You are viewing a plain text version of this content. The canonical link for it is here.
Posted to solr-user@lucene.apache.org by gnandre <ar...@gmail.com> on 2020/07/03 01:16:39 UTC
Re: Solr 8.5.2 indexing issue
It seems that the issue is not with reference_url field itself. There is
one copy field which has the reference_url field as source and another
field called url_path as destination.
This destination field url_path has the following field type definition.
<fieldType name="url_path_text" class="solr.TextField">
<analyzer type="index">
<tokenizer class="solr.PatternTokenizerFactory"
pattern="(https?://(www\.([^/]+)?)?|/([^/]+\.[^/]+$)?|\.?organization\.[^/]+|[?#].*$)"
group="-1"/>
<filter class="solr.WordDelimiterGraphFilterFactory"
protected="protect.txt" preserveOriginal="1" generateWordParts="1"
generateNumberParts="1" catenateWords="1" catenateNumbers="1"
catenateAll="0" splitOnCaseChange="1"/>
<filter class="solr.FlattenGraphFilterFactory"/>
<filter class="solr.StopFilterFactory" ignoreCase="true"
words="stopwords.txt"/>
<filter class="solr.LowerCaseFilterFactory"/>
<filter class="solr.ICUNormalizer2FilterFactory" name="nfkc"
mode="compose"/>
<filter class="solr.SynonymGraphFilterFactory"
synonyms="synonyms_en.txt" ignoreCase="true" expand="false"/>
<filter class="solr.FlattenGraphFilterFactory"/>
<filter class="solr.SnowballPorterFilterFactory"
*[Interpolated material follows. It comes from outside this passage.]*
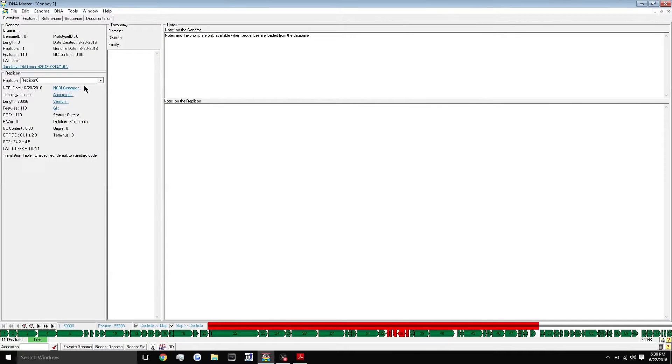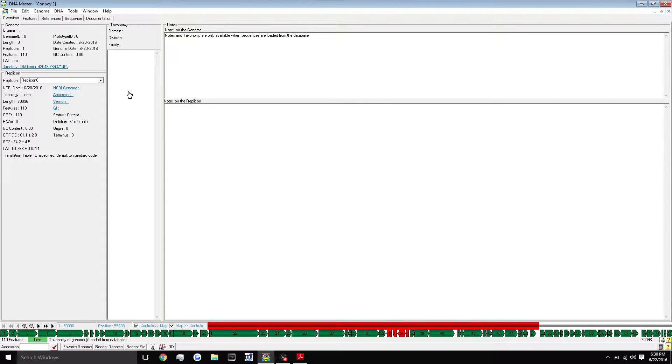Hey everyone, welcome to your fifth DNA Master tutorial. Today I'm going to be showing you guys how to run the blast function.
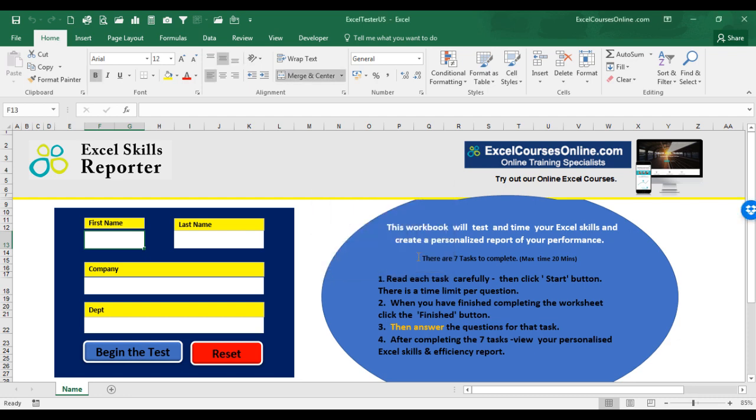We hope you enjoy the Excel skills reporter, and that it will improve your Excel skills.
protected="protwords.txt" language="English"/>
<filter class="solr.RemoveDuplicatesTokenFilterFactory"/>
</analyzer>
<analyzer type="query">
<tokenizer class="solr.WhitespaceTokenizerFactory"/>
<filter class="solr.StopFilterFactory" ignoreCase="true"
words="stopwords.txt"/>
<filter class="solr.WordDelimiterGraphFilterFactory"
protected="protect.txt" preserveOriginal="1" generateWordParts="1"
generateNumberParts="1" catenateWords="1" catenateNumbers="1"
catenateAll="0" splitOnCaseChange="1"/>
<filter class="solr.FlattenGraphFilterFactory"/>
<filter class="solr.LowerCaseFilterFactory"/>
<filter class="solr.ICUNormalizer2FilterFactory" name="nfkc"
mode="compose"/>
<filter class="solr.SnowballPorterFilterFactory"
protected="protwords.txt" language="English"/>
<filter class="solr.RemoveDuplicatesTokenFilterFactory"/>
</analyzer>
</fieldType>
If I remove SynonymGraphFilterFactory and FlattenGraphFilterFactory in
above field type definition then it works otherwise it throws the
same error (IndexOutOfBoundsException) .
On Sun, Jun 28, 2020 at 9:06 AM Erick Erickson <er...@gmail.com>
wrote:
> How are you sending this to Solr? I just tried 8.5, submitting that doc
> through the admin UI and it works fine.
> I defined “asset_id” with as the same type as your reference_url field.
>
> And does the log on the Solr node that tries to index this give any more
> info?
>
> Best,
> Erick
>
> > On Jun 27, 2020, at 10:45 PM, gnandre <ar...@gmail.com> wrote:
> >
> > {
> > "asset_id":"add-ons:576deefef7453a9189aa039b66500eb2",
> >
> >
> "reference_url":"modeling-a-high-speed-backplane-part-3-4-port-s-parameters-to-differential-tdr-and-tdt.html"}
>
>